Even the Assembly founded in 1998, the heart of the New Northern Ireland, is not a traditional parliamentary chamber where political issues are resolved and programmes of action argued over and pushed through. It is a glorified talking shop and statement-producing machine. Everyone elected to the assembly must declare whether they are ‘nationalist, Unionist or other’ so that the assembly can continue the peace process’s central task of ensuring respect for both identities. And one of the assembly’s key aims is to reach ‘sufficiency of consensus’ on every issue, to show that all traditions in Northern Ireland are being respected and having their egos massaged. The peace process did not only defuse war in Northern Ireland – it defused debate, too, replacing politics, which is apparently a dangerous endeavour, with the management of aspirations and the policing of the public’s self-esteem levels.
The mad reactions to Sinn Fein’s statements should be seen in this light. When the two-traditions view of the Irish problem is instituted at every level, then politics becomes a performance of respect rather than a future-oriented search for answers, and politicians’ language is minutely monitored to ensure it doesn’t offend anyone. The endless wordplay of the peace process has made politics in Northern Ireland into an entirely elite endeavour, where British officials, republicans and Unionists make coded statements to please each other, and the media, and in order to keep in check the masses’ alleged emotional fragility and/or terroristic tendencies.

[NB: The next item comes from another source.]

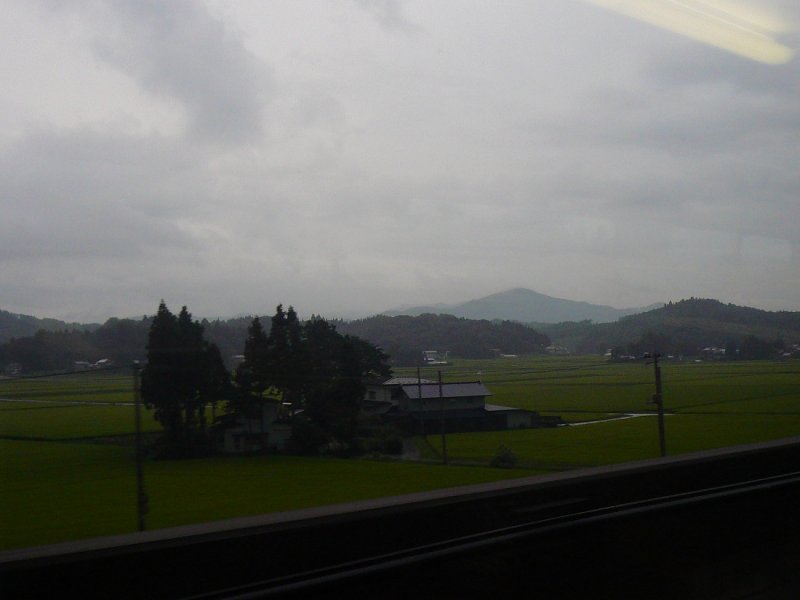 Hier fährt der Tôhoku-Shinkansen ( Shinkansen in den Nordosten ) durch einen Gewittersturm von Norden her Richtung Ichinoseki. Dieses stark vulkanische Gebiet ist allein 2008 durch zwei schwere Erbeben erschüttert worden. 30.August 2008.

Brendan O’Neill is editor of spiked. Visit his website here. His satire on the green movement – Can I Recycle My Granny and 39 Other Eco-Dilemmas – is published by Hodder & Stoughton. (Buy this book from Amazon(UK).)
Previously on spiked
Brendan O’Neill called Ian Paisley and Gerry Adams the ghosts of politics past and discussed the admission of government collusion with loyalist paramilitaries. Kevin Rooney described the IRA’s shift from insurgency to identity and railed against the way politics is being written out of the history of the conflict. Chris Gilligan revealed the impact of therapy culture on Northern Ireland’s police. Or read more at spiked issue Ireland.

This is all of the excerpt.